● **YOUR INSTRUCTIONS**:
Everything in the listing below must be duplicated exactly.

____________

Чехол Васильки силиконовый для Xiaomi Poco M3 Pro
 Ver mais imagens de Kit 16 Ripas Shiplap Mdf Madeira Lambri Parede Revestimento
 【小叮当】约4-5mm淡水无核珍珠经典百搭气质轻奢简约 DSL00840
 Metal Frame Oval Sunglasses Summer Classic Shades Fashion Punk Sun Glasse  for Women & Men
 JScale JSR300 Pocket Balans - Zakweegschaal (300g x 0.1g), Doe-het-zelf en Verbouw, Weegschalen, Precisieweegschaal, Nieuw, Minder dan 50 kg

____________

● **EXERCISE RESPONSE**:
Чехол Васильки силиконовый для Xiaomi Poco M3 Pro
 Ver mais imagens de Kit 16 Ripas Shiplap Mdf Madeira Lambri Parede Revestimento
 【小叮当】约4-5mm淡水无核珍珠经典百搭气质轻奢简约 DSL00840
 Metal Frame Oval Sunglasses Summer Classic Shades Fashion Punk Sun Glasse  for Women & Men
 JScale JSR300 Pocket Balans - Zakweegschaal (300g x 0.1g), Doe-het-zelf en Verbouw, Weegschalen, Precisieweegschaal, Nieuw, Minder dan 50 kg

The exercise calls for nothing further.